I knew Valjeanne Jeffers for over a decade, though I never had the fortune or opportunity to meet her in person.
She had a way of connecting with you, no matter how you knew her, a familiarity which made you feel like family, no matter the distance between you. I first met her on the Black Science Fiction Society’s Ning site, back when Ning sites were a thing.
Back then, we gathered frequently, sometimes daily to talk about writing. I imagined like a new writing Renaissance, only without the smoking, dancing, or musical expression. An emotional Renaissance, where Black writers shared their speculative endeavors, far from the well-beaten paths of science fiction and fantasy. We hoped for a seat at the table and gathered to cheer each other on. It was a turbulent time and none of us could see the future.
But we were hopeful. We were voices trading our secrets, carrying each other, lightening our burdens with camaraderie. We commiserated on how we kept writing in the face of the gatekeepers, the rejections, those damnable blank pages we struggled to fill with ourselves.
She was one of the most enthusiastic of us.
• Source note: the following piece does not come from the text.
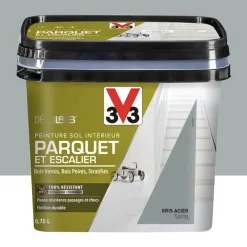 Peinture Sol Parquet Escalier V33 Déco LAB Gris Acier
Eager to write and willing to share, Valjeanne was relentlessly energetic. Back then, I was new to writing creatively, and she would sit and talk with me about writing, why I wanted to write and she would tell me to keep at it.
I didn’t think a lot about it at the time. I thought she was just being kind, supporting a writer who was in doubt. But as I spent the years on the BSFS and as we migrated into other social media platforms, Valjeanne continued to be a supportive and creative force in our Black writing community. I became inspired by her efforts. Her successes. Her willingness to share her story.
She became a name to conjure by.
Popular, generous, kind, she was everywhere and beloved by many. Yet, she always found time to support a new piece or short story I might have gotten published. I watched her career expand and after teaming up with another BSFS brother, Milton Davis, she found a publisher who understood her.
I knew she had a devoted family through our interactions on social media and we might communicate a few times a year between her conventions, interviews and publications. It was gratifying to watch her career growing and yet she remained a pillar of our virtual community.
A prolific creator, she was a quiet force, an insistent tide on a beautiful beach, she would sit with you, talk about your dreams and then glide back to sea, to create new stories.
Those early conversations on BSFS, the jokes we shared over my more ridiculous first attempts at fiction, the inspiration she gave me when I published my first book, Hayward’s Reach, was a real connection to me.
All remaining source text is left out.